Foundation Models for Source Code

Developing high quality software is not trivial and not cheap. To help developers, there are several attempts to leverage AI and special foundation models optimized for source code. This post gives a quick overview of popular projects with a focus on an open source project from IBM.

While there is a lot of buzz around ChatGPT, it is not the only AI based technology to help writing source code. GitHub’s Copilot is another popular option which uses the same underlaying Codex family of models. There is also a very interesting effort IBM is working on, called Project Wisdom, as well as several other activities from tech companies like Google.

Legal Implications

There is a debate going on whether and under which rules these tools can be used. As some models have been trained with data from GitHub.com, some developers think that this has not been done in compliance with their license terms.

While generative foundation models do not directly copy data, the intensive training (and the potential of overfitting) might lead models to ‘memorize’ data. Because of this grey area, it might be safer for some developers not to use some of these tools and to first consider the potential implications.

Good Examples

There are some incredible examples documented in blogs and on YouTube. Check out the following resources which explain how Kubernetes resources can be generated.

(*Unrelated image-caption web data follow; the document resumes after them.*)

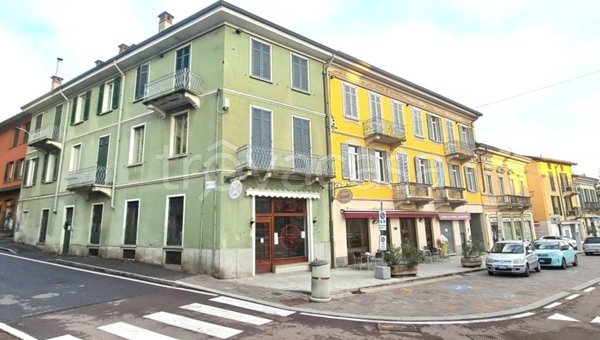 negozio in vendita ad Appiano Gentile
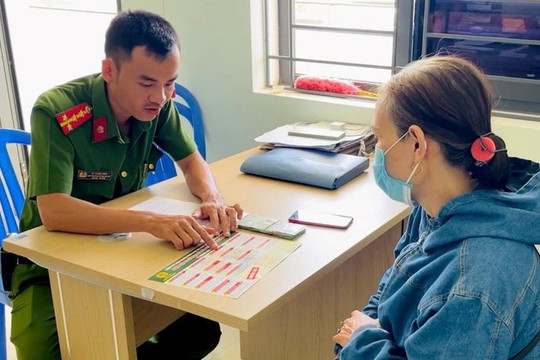 Chị T. đến tiệm vàng để nhận hàng của 'quân nhân Mỹ', chủ tiệm lập tức báo công an, được đề nghị khen thưởng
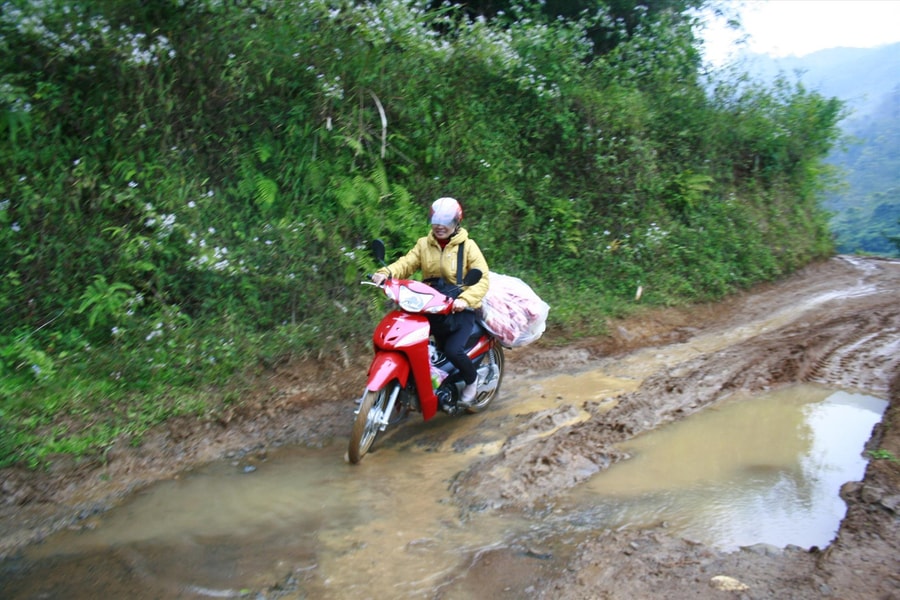 Bộ Tài chính trả lời về tiền xăng xe cho viên chức đi công tác 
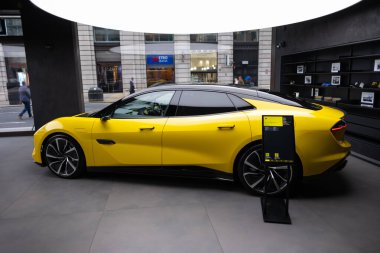 Yeni sarı pilli hiper-elektrik Lotus Emeya sergi salonunda, İngiliz spor otomobil Lotus Otomobili Limited, otomotiv endüstrisi 2024, Londra 'da çevre temizliği aracı fuarı - 22 Mayıs 2024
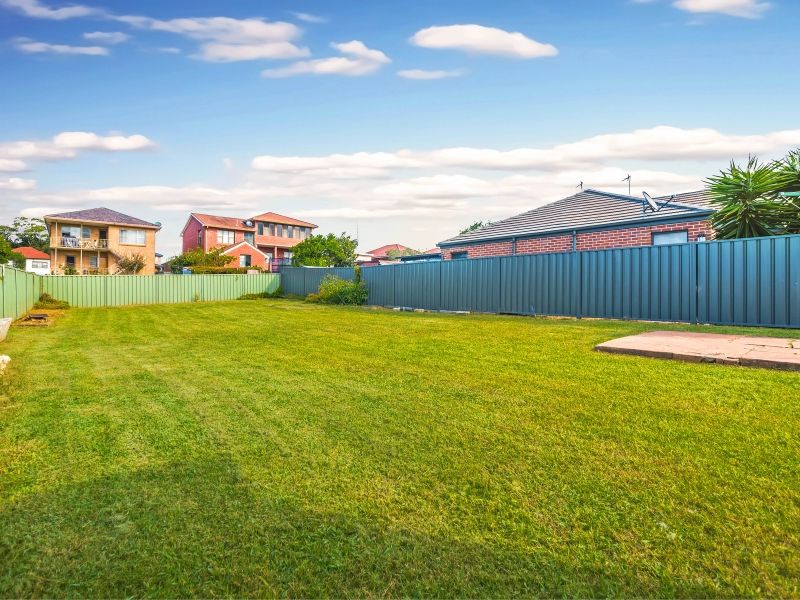 55 Illowra Crescent, Primbee NSW 2502, Image 2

As I read in the article How we Build The Software of Tomorrow, the GitHub CEO Thomas Dohmke thinks that in five years 80% of the source code will be written by AI:

Thomas reveals that about 40% of the code, in those files that have Copilot enabled, was written by AI. While that’s an impressive amount of predicted code, he further declares that this number is just the beginning. In fact, the GitHub CEO assumes this percentage will double to 80% in the next five years.

Bad Examples

While the scenarios above are impressive, there are also several scenarios that show the current limitations:

I think the ‘no free lunch’ theorem summarizes the challenges well. For example, to avoid AI software to propose deprecated Ansible modules, you need specialized models or fine-tuned generic models.

It sounds like AI generated code currently significantly helps with generations of boilerplate code and to improve productivity for repetitive tasks. It will be interesting to see how these tools will evolve to handle more sophisticated tasks.

By the way: Since people started to publish ChatGPT answers on StackOverflow that didn’t meet quality standards, StackOverflow banned ChatGPT-generated answers.

Project Wisdom

At the end of 2021 IBM open sourced the CodeNet dataset. As documented there are differentiating features when compared to other similar efforts:

Data from AIZU Online Judge and AtCoder (not GitHub) available under Apache License v2
Big dataset: 500 million lines of code; 55 different languages, esp. C++, Python, Java, C, Ruby and C#
Rich annotations and clean samples

The Google company DeepMind used the same dataset to develop AlphaCode.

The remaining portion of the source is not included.